Es improbable que los ‘carabinieri’ arresten a Matteo Salvini: es su jefe. Sin embargo, motivos diríase que va habiendo para que lo hicieran, así de orden moral como legal. En tanto la propia fiscalía italiana dirime la responsabilidad penal del ministro por ciscarse en la resolución de un juez para el acogimiento en puerto de los náufragos del mar y de la vida que penan a bordo del “Open Arms”, la opinión pública, o cuando menos la parte de ella que conserva un poco de humanidad, se estremece ante las declaraciones y los actos de un político empeñado, según parece, en envilecer al pueblo del que ostenta representación.
El fenómeno de la migración desesperada y masiva de África a Europa, del Sur hacia el Norte, del hambre al pan, es tan dramático como complejo, pero con actores de la talla moral del ministro de Interior italiano, también irresoluble, a menos que se pretenda que las columnas de fugitivos de la miseria, luego de haber cruzado a pie un continente duro y ser explotados, esclavizados, torturados, saqueados y violados por el camino, lleguen al mar y se ahoguen en él. Pero no se van ahogar todos, sino sólo aquellos que la perfidia populista de los Salvinis de Europa abandonen a merced de las olas, conculcando las leyes que exigen el más estricto cumplimiento, las leyes del mar.
Pero Matteo Salvini no solo conculca esas leyes cerrando aguas y puertos a la pobre gente que huye de lo que todos huiríamos y que se juega lo único que tiene, la vida, en pos de lo que todos buscaríamos, sino también las de supremo rango interno contenidas en la Constitución italiana, así como las que obligan a su país como signatario de los acuerdos internacionales relativos a los Derechos Humanos y al trato que los estados deben dispensar a las personas, particularmente a aquellas que por su condición de fugitivas buscan refugio, terreno salvífico, en unas condiciones de extrema vulnerabilidad.

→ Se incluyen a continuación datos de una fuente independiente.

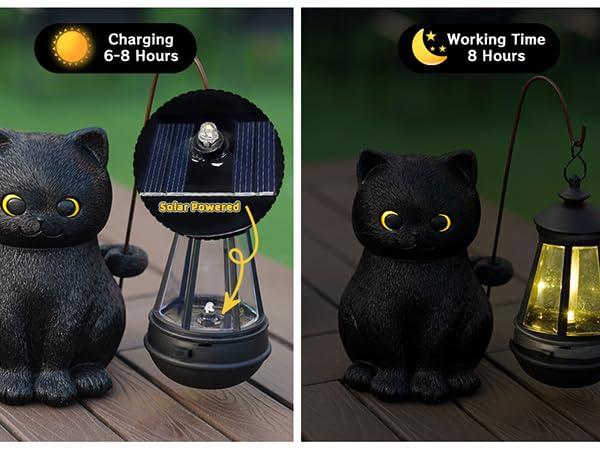 希少☆美品☆神戸の地ブランデーCAT AT NIGHT 456669961.JPG?1532827862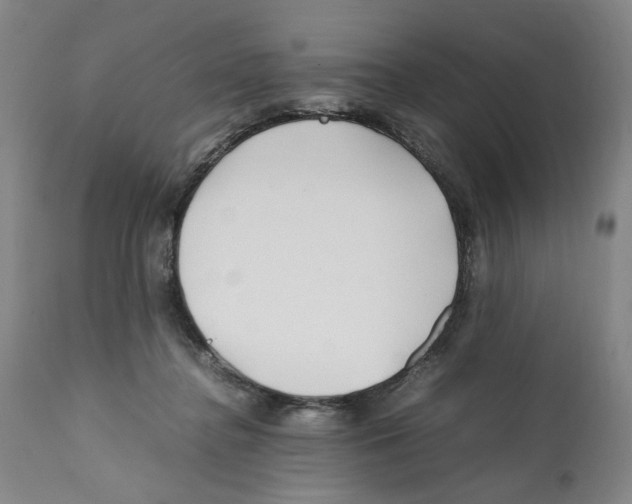 X0000112370364200909241155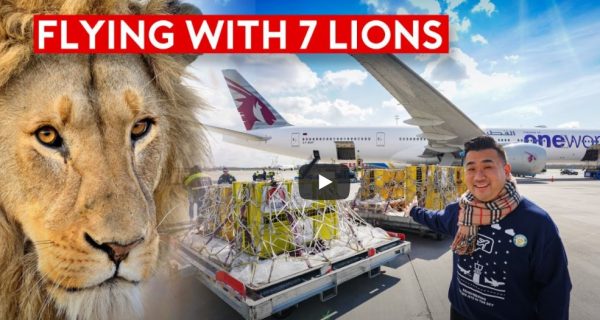 Special Rescue Flight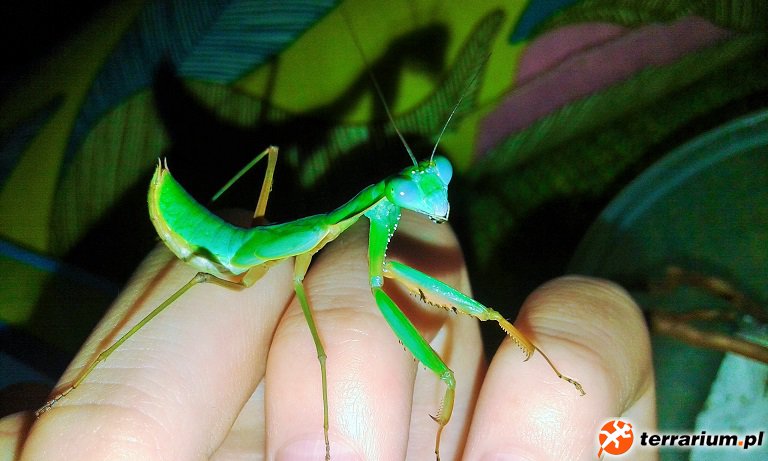 Prohierodula laticollis (samiec subimago) ;D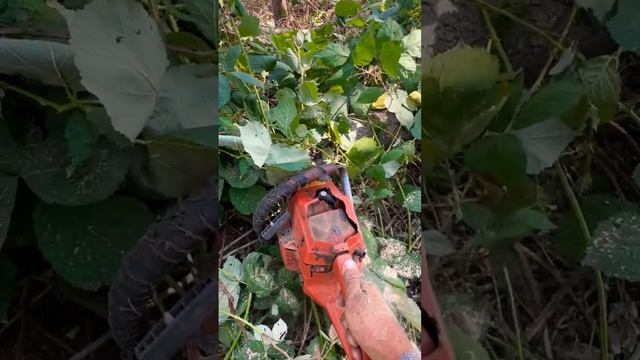 HUSQVARNA 242XP CHAINSAW ORIGINAL MOTOR OVER 25 YEARS ?? #husqvarna #chainsaw #tough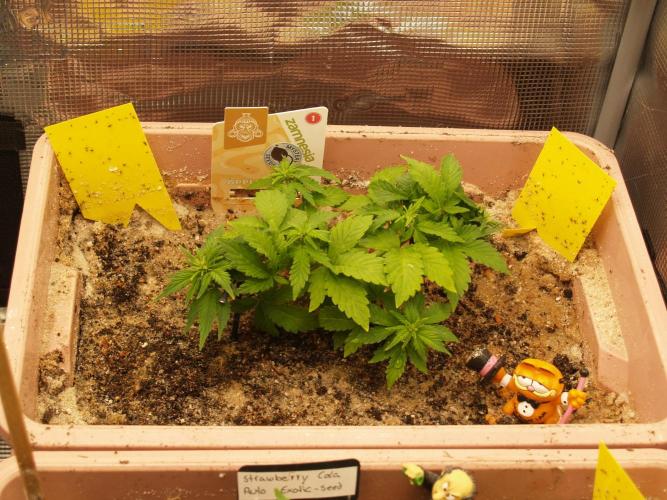 Apple Fritter Auto Winter Grow 2026. Week 4 - Tag 29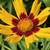 Perennials - Sun and Shade - Available til mid-October 24 thumbnail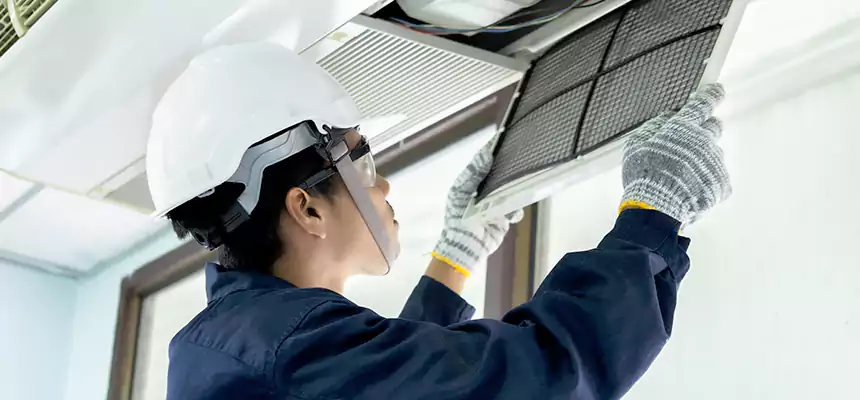 Our Mold & Mildew Removal from Air Ducts Services in Deltona, FL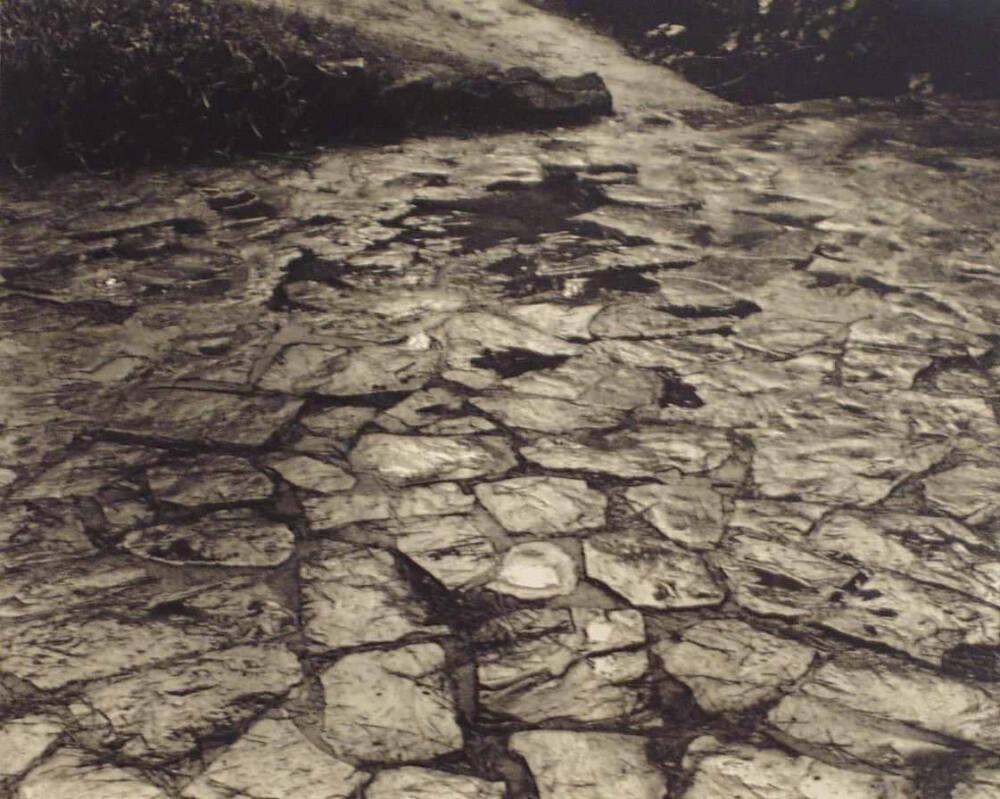 Untitled (Dried Mud Pathway) | All Works | The MFAH Collections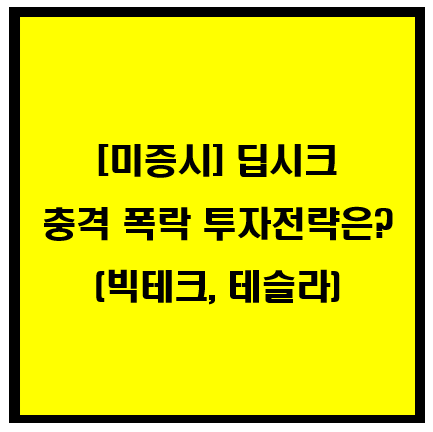 미증시, 딥시크 충격 폭락 투자전략은? (빅테크, 테슬라) 이미지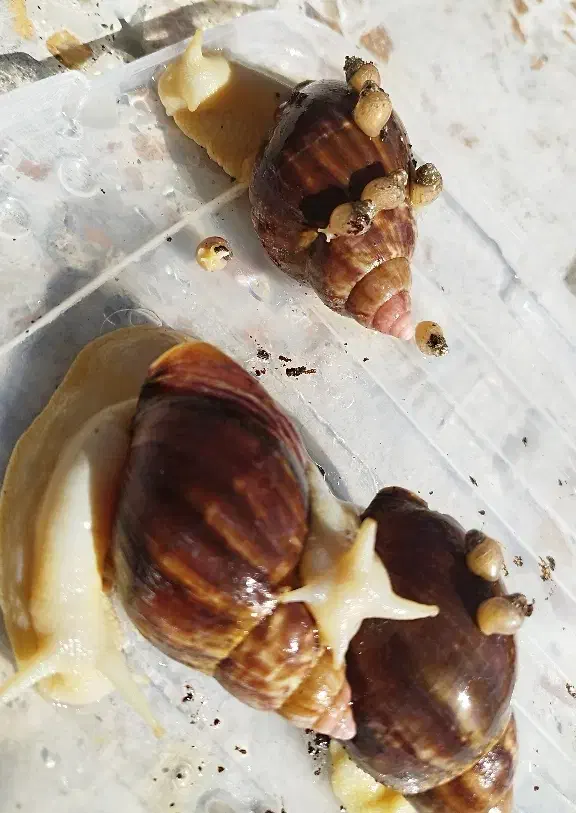 حلزون آچاتینا|خزنده|سپیدان, |دیوار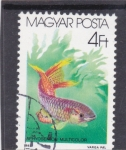 Stamps Hungary -  PEZ MULTICOLOR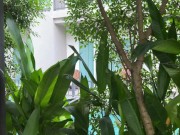 Забрался в окно к незнакомке, пока она отдыхала и трахнул её - Screenshot 5 of 16 - Cream Pie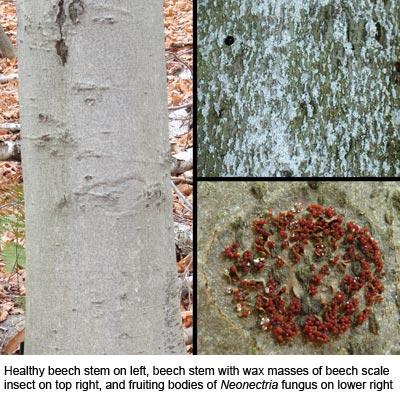 John Castello & Jonathan Cale: Multiple Stressors Play Role in Beech Bark Disease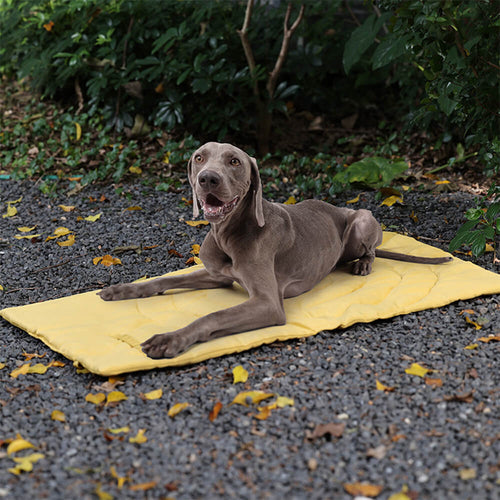 Azura | Folding Waterproof Portable Dog Car Seat Mat Dog Camping Mat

Si Salvini tiene el terrible poder que exhibe sobre la vida de tantos seres humanos como simple ministro, podría pensarse que Italia, ese gran país, se desliza hacia la definitiva condición de estado fallido. ¿Y qué decir de Europa, sarpullida más y más de Salvinis e incapaz, por egoísmo, ceguera o desidia, de torcer los brazos ejecutores de una política no sólo cruel e inhumana, sino ineficaz para afrontar y resolver el problema de la migración descontrolada, que sólo puede ser abordada en Europa por políticos competentes, instruidos y con corazón. ¿Los hay? ¿Dónde, en tanto las naves de rescate se pudren, al pairo, en el hedor?